For a more academic approach to Indian history, try the somewhat pedantic
Modern South Asia: History, Culture, Political Economy,
by Sugata Bose and Ayesha Jalal (Routledge);
A History of India,
by Peter Robb (Palgrave); or
A Concise History of India
by Barbara Metcalf and Thomas Metcalf (Cambridge University Press). And to learn more about the man at the heart of 20th-century India, take a look at
The Life of Mahatma Gandhi
by Louis Fischer (Easton Press).
Finally, if you’re looking for a light read that gives some insight into India today, pick up a copy of Shobhaa Dé’s
Superstar India—From Incredible to Unstoppable
(Penguin) in which the author discusses her very personal views on the highs and lows of her country’s social, economic, and cultural values.
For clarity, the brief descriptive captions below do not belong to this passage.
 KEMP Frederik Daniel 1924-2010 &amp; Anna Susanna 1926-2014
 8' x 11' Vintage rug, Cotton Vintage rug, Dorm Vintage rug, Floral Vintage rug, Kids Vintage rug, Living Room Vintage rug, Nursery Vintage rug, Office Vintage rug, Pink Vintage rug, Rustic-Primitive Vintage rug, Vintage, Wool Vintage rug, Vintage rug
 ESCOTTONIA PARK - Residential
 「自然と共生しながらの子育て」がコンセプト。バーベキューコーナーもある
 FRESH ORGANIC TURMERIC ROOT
This is just a start. But be warned—the writing on India is as seductive as the place it describes. Once hooked, you’ll want more.
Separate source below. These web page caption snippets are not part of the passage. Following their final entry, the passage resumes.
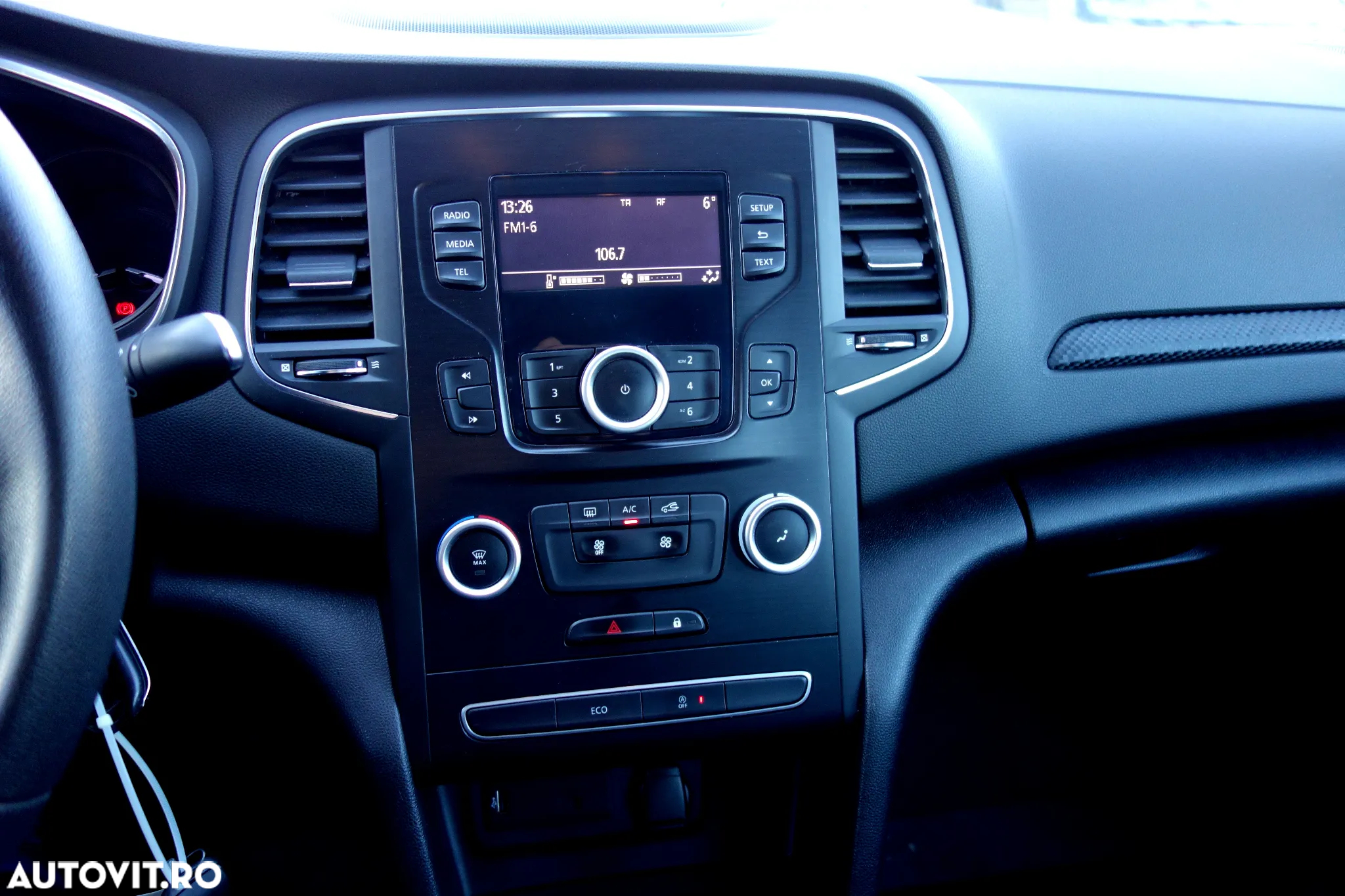 Renault Megane TCe Business - 6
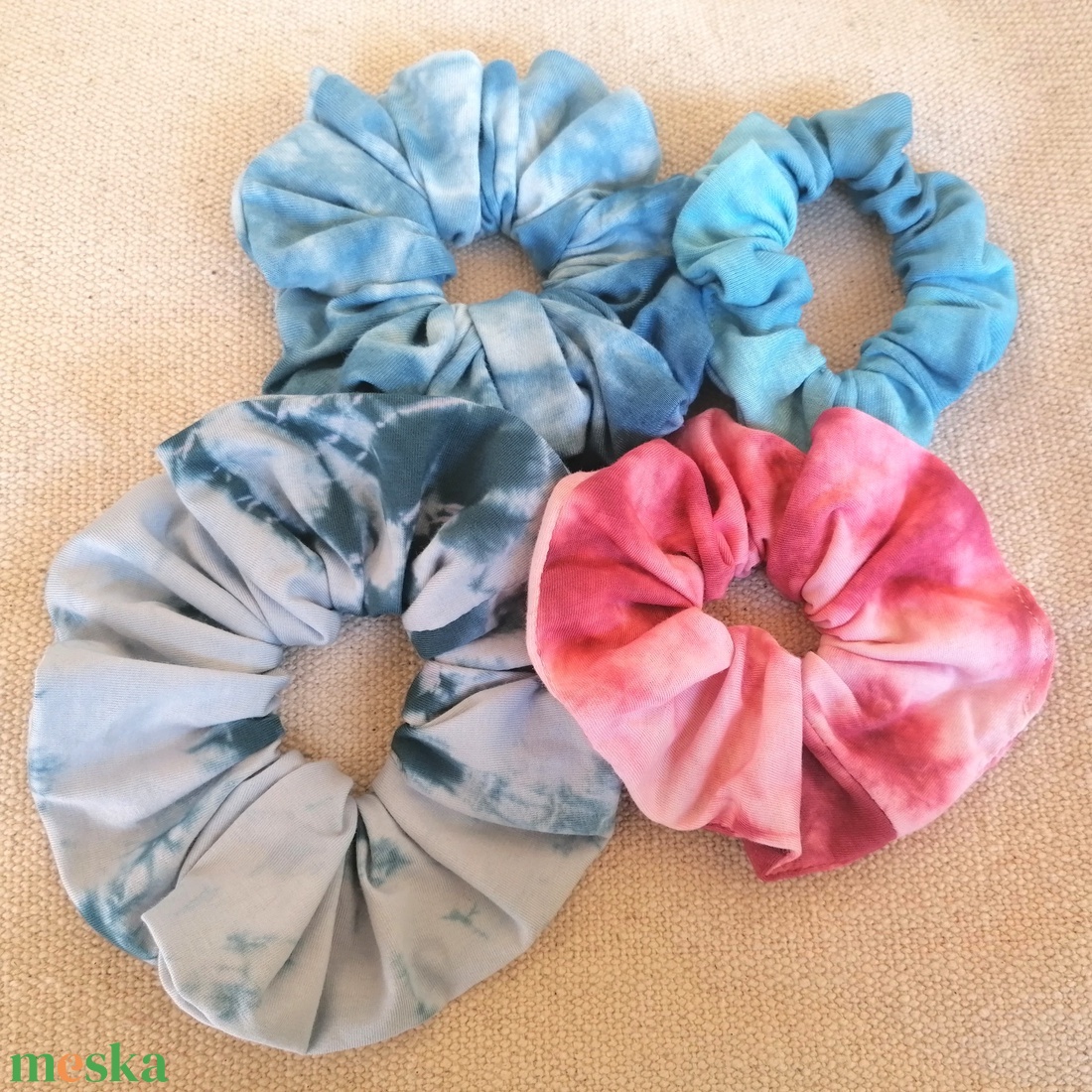 Batikolt scrunchie - textil hajgumi - ruha & divat - hajdísz & hajcsat - hajgumi - Meska.hu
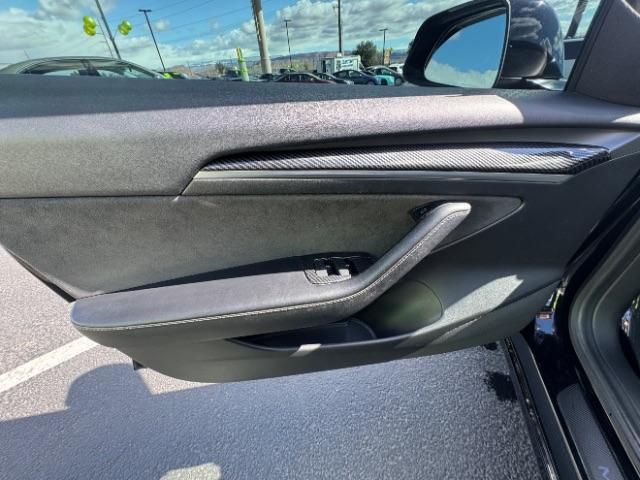 2021 Solid Black /Black Tesla Model 3 Long Range Dual Motor All-Wheel Drive (5YJ3E1EB9MF) with an ELECTRIC engine, Electric transmission, located at 1865 East Red Hills Pkwy, St. George, 84770, (435) 628-0023, 37.120850, -113.543640 - Excellent Tesla Model 3 Long Range All Wheel Drive. With Full Self Drive paid for ($8k add on) Which is no longer available to buy. All our Teslas come with charging kits. Battery is 98% healthy. Gets 310 on full charge! Amazing for this year. Clean title, no accidents Still has remaining 120k mi - Photo#10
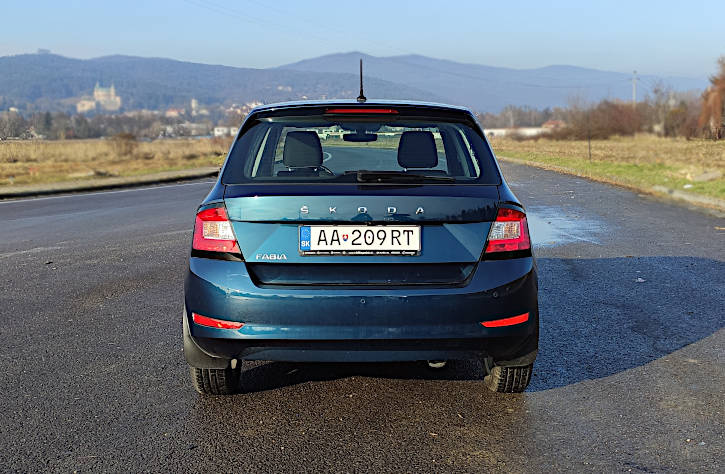 Škoda Fabia 1.0 MPI 60k Team - 3
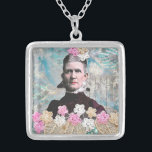 Colar Banhado A Prata Victorian Lady Necklace<br><div class="desc">Este adorável colar será certamente um começo de conversa! Você pode dizer que é seu excelente,  vovó excelente! Reproduzido a partir da minha arte mestiça,  este colar vai inspirar e deliciar.</div>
7 Bollywood & Beyond: India on the Big Screen
by Jerry Pinto & Keith Bain
Mumbai’s Hindi film industry, popularly known as Bollywood, is the biggest producer of films in the world, churning out hundreds of movies annually, all of which feature superkitschy images of buxom, bee-stung-lipped heroines gyrating to high-pitched melodies while strapping studs thrust their groins in time to lip-synched banal-and-breezy lyrics. These are wonderful, predictable melodramas in which the hero is always valiant and virile, the woman always voluptuous and virtuous. The battle between good and evil (a bankable hero and a recognizably nasty villain) must be intense, long-winded, and ultimately unsurprising—audiences do not pay good money to be challenged, but to be entertained.
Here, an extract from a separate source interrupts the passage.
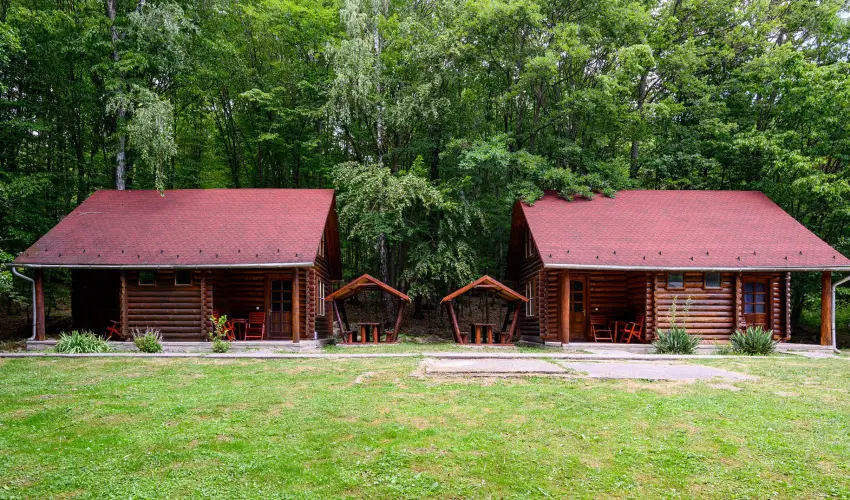 K�kapu Vad�szkast�ly �s Hotel & Apartments Nagyhuta - M�rcius 15.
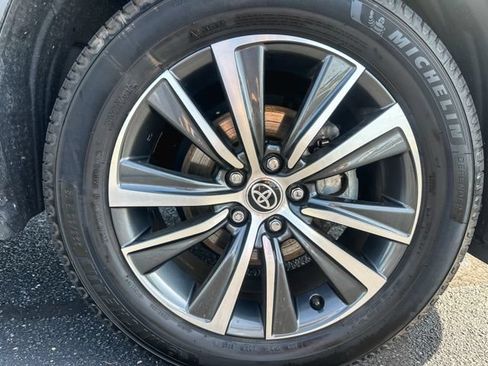 Used 2021 Toyota Venza LE AWD/4WD image 11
Before you choose to spend a hot subtropical afternoon watching a Hindi film, know that these films are long, averaging about 3 hours. This is because they are constructed more like Elizabethan plays or old operas. Their audiences do not come for tragedies or for comedies but for full-scale performances that give them everything: the chance to laugh and cry, to bemoan the violence done unto the hero, and the opportunity to cheer as justice is done. These films are also made in defiance of the Aristotelian requirements of unity in time and space, and require from you a willing suspension of disbelief. And though the genre film has just begun—a few historicals such as
Devdas
(nine different versions) and
Parineeta
(The Espoused; 2005); some horror films like
Kaal
(Time; 2005) and
Darna Mana Hai
(Fear is Forbidden; 2003); some war films, including
Lakshya
(Goal; 2004)
and
Mission Kashmir
(2000); thrillers, such as
Jism
(Body; 2003); and even political dramas like the post-9/11
New York
(2009)—most Hindi films still work on this principle.